I learned this unusual method in France while working with three-star chef, Michel Guérard. Madame Guérard had a fondness for eggs cooked in this manner. It is quite different from what we think of as fried eggs, and resembles a poached egg cooked in hot fat. The frying produces a delicious caramelized taste, and the eggs look great. Following this method, it’s also easier to keep the yolks runny. Be sure you have your utensils ready, because the eggs cook very quickly. The wooden spoon for basting must be absolutely dry, otherwise the egg white will stick to it. To remove any moisture, first dip the spoon briefly in the hot oil.

1. In a heavy-bottomed large saucepan, heat 3 cups of vegetable or olive oil over high heat until the oil reaches a temperature of about 375°F (190°C). Crack an egg into a small cup, without breaking the yolk, then transfer it to a ladle. Tilt the pan slightly, then gently lower in the ladle to slide the egg into the hot oil.

2. With a dry wooden spoon, gently and quickly baste the egg with the oil until the egg has taken on an oval shape, and the yolk is completely concealed by the white. Continue with the process for 1 minute. The egg should be set and lightly colored.

3. Using a slotted spoon, lift the egg from the oil and drain it on paper towels. Before eating, season the egg with salt and pepper.

FRIED EGGS & BACON

This is my favorite Sunday breakfast. For 2 servings, brown 6 slices of good-quality bacon, preferably regular or thick-cut, then drain off most of the fat. Spread out the bacon slices in a single layer. Slide 4 eggs into the pan on top of the bacon. Season the eggs as they start to set, then cover the pan and cook until they are done to your liking, basting them with the bacon fat occasionally. Sprinkle with Tabasco or your favorite sauce for eggs, then serve with plenty of hot toast.

BAKING EGGS SUR LE PLAT

It has been said that French chefs will test the mettle of a new cook by requiring him or her to prepare this deceptively simple dish. The challenge lies in regulating both the cooking procedure and temperature so that the eggs are cooked to just the right point.

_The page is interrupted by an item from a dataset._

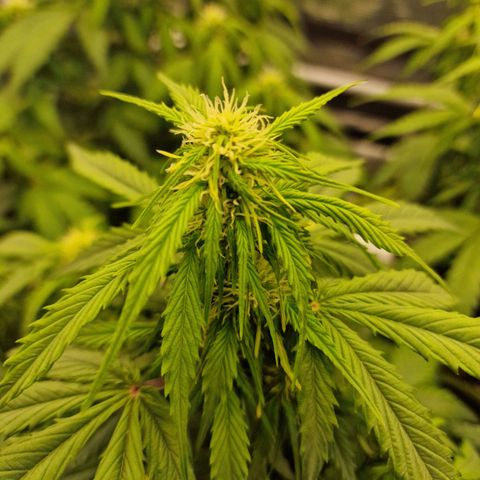 Quick ones growlog photo: They look so fking beautiful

1. Preheat the oven to 400°F (200°C). Place 1⁄2 tbsp melted butter in a small enameled cast-iron gratin dish. Season the bottom of the dish with salt and pepper (this prevents the salt from marring the appearance of the eggs).

2. Place the dish on medium heat and slide in 2 eggs, without breaking the yolks. Cover the eggs with another 1⁄2 tbsp melted butter.

3. Transfer to the oven and bake just until the whites are set and milky and the yolks have a shiny, glazed appearance, 6–8 minutes. Serve the eggs immediately.

UOVE AL FORNO

Here’s a delicious Italian-inspired version of baked eggs that’s a meal in itself. Coppa is a spicy Italian salami made from whole pork shoulder rather than ground meat. If you are unable to find it, you can substitute soppressata or Genoa salami. Serve the eggs with herbed focaccia or toasted peasant bread.

3 tbsp olive oil
1 tsp minced garlic
1⁄8 tsp dried red pepper flakes 1 1⁄2lb (675g) mixed greens, such as mustard greens, Swiss chard leaves, dandelion leaves, and spinach, cut into 1–2in (2.5–5cm) pieces
1⁄4 cup water
4oz (115g) thinly sliced coppa
8oz (225g) fresh mozzarella, thinly sliced
8 eggs

1. Preheat the oven to 450°F (230°C). Combine the olive oil, garlic, and red pepper flakes in a large skillet. Cook over medium-high heat for about 45 seconds to flavor the oil; do not let the garlic brown. Add the greens and water, and cook, stirring constantly, until the greens have wilted, 3–4 minutes.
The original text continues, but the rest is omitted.